Solar facades for heating and cooling in buildings
Chan, Hoy-Yen (2011) Solar facades for heating and cooling in buildings. PhD thesis, University of Nottingham.
The aim of this thesis is to study the energy performance of a building integrated heating and cooling system. The research objectives are to investigate the system operating characters, to develop mathematical models for the heating and cooling systems, to demonstrate the technologies experimentally, to identify the best designs for a combined system and to investigate the cost effectiveness of the system. The main components of the systems are the aluminium plate façade and the building wall behind it, these form a plenum between them and the air is then heated or cooled as it flows through this plenum. Mathematical models were developed based on the energy balance equations and solved by matrix inversion method. These models were then validated with experimental results. The experiments were carried out in the laboratory with a facade area of 2m2. Two designs of facade were tested, i.e. flat and transpired plates. Results showed that the transpired design gave better thermal performance; the system efficiency for the flat plate was only about 30%, whereas it was about 85% for the transpired plate. On the other hand, a cooling system with double plenums was found to be better than a single plenum. Thus, a transpired plate with two plenums was identified as the best design for space heating and cooling.

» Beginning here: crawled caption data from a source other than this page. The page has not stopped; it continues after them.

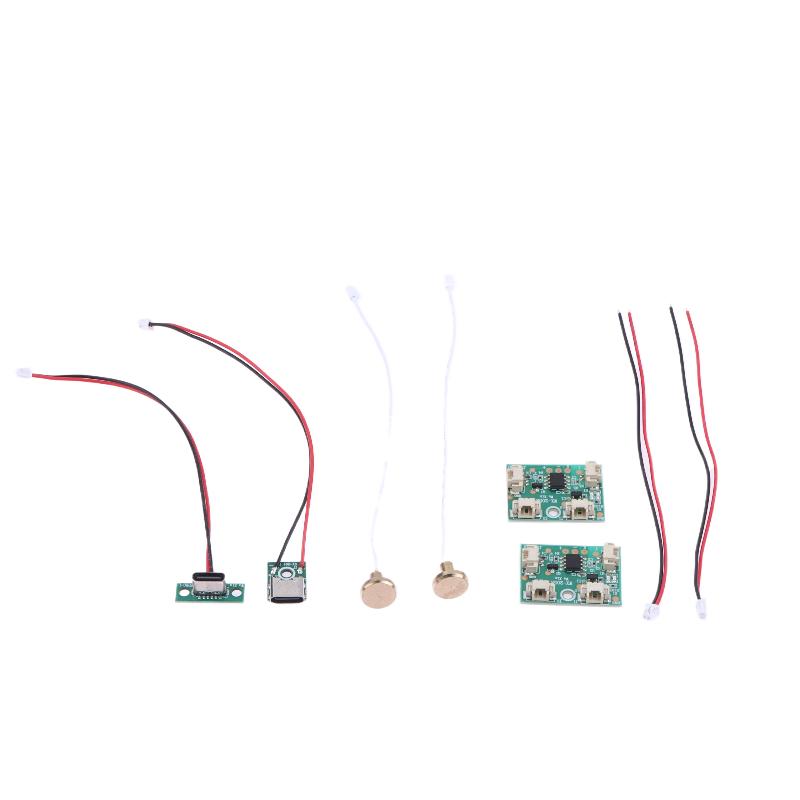Versatile 4Pcs LED Touch Switch 5V 2A Module for Creative Lighting Designs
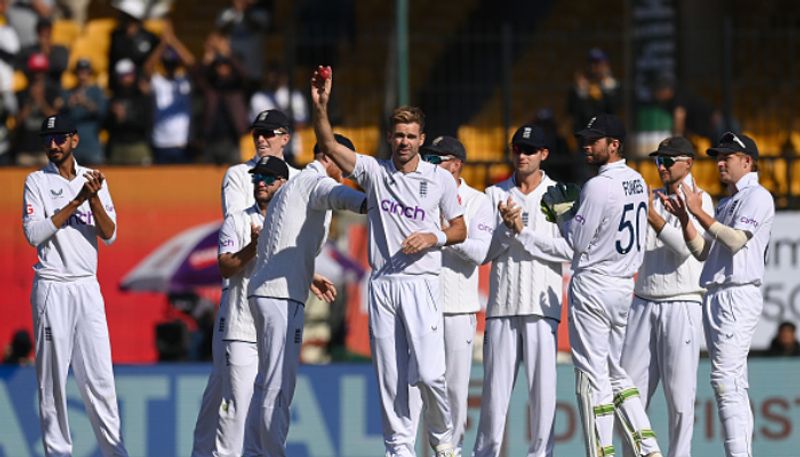 England James Anderson becomes first pacer to get 700 Test wickets kvn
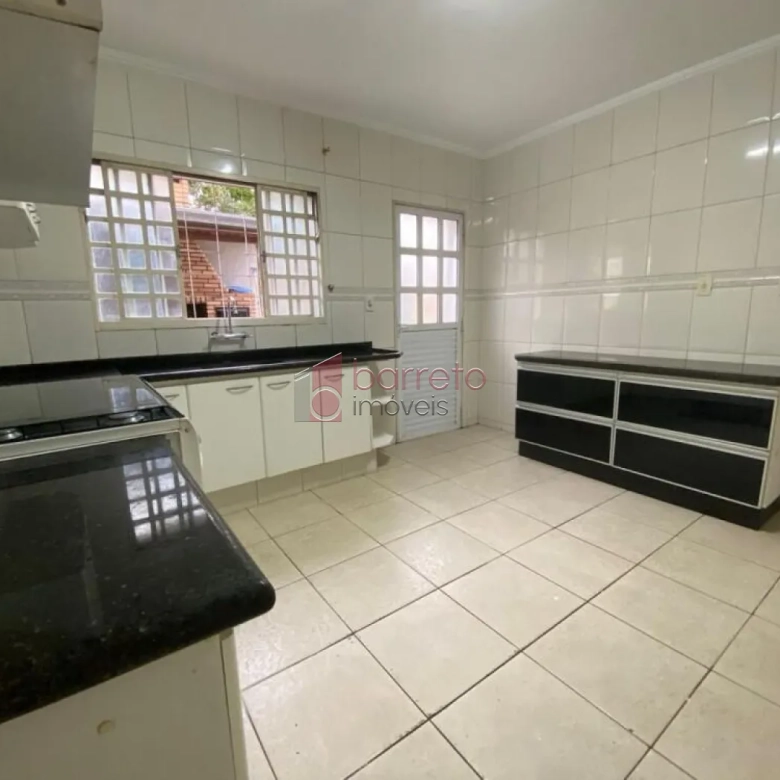 CASA COMERCIAL À VENDA NO BAIRRO VILA LIBERDADE – JUNDIAÍ/SP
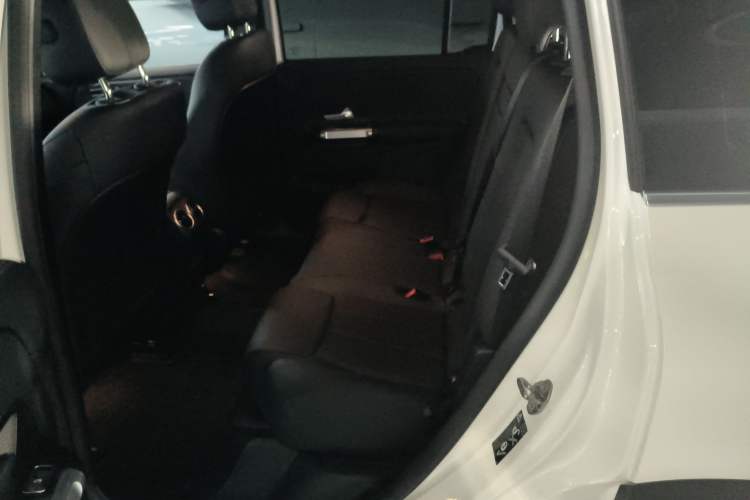 Used Mercedes-Benz EQB 2022 EQB 260 Left Rear Seat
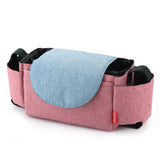 StrollMate Organiseur de Poussette Deluxe Universel (Console Parent Isolée)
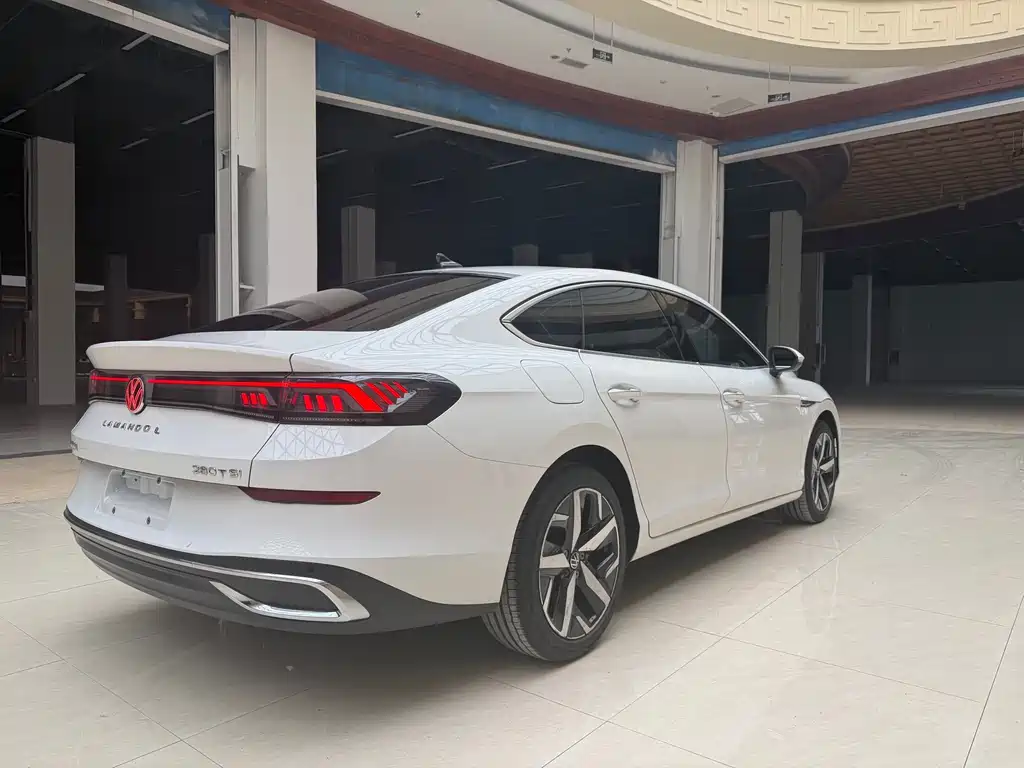 Volkswagen Lamando — миниатюра 4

The cooling efficiency was nearly 2.0 even at low solar radiation intensity. A simulation study was carried out by assuming a 40m2 of façade was installed on an office building in London. The yearly energy saving was estimated as 10,877kWh, which is equivalent to 5,874kgCO2/year of emission avoidance. The system is calculated to cost about £70/m2, and for a discount rate of 5% and 30 years of lifetime, the payback period for this system would be less than a years.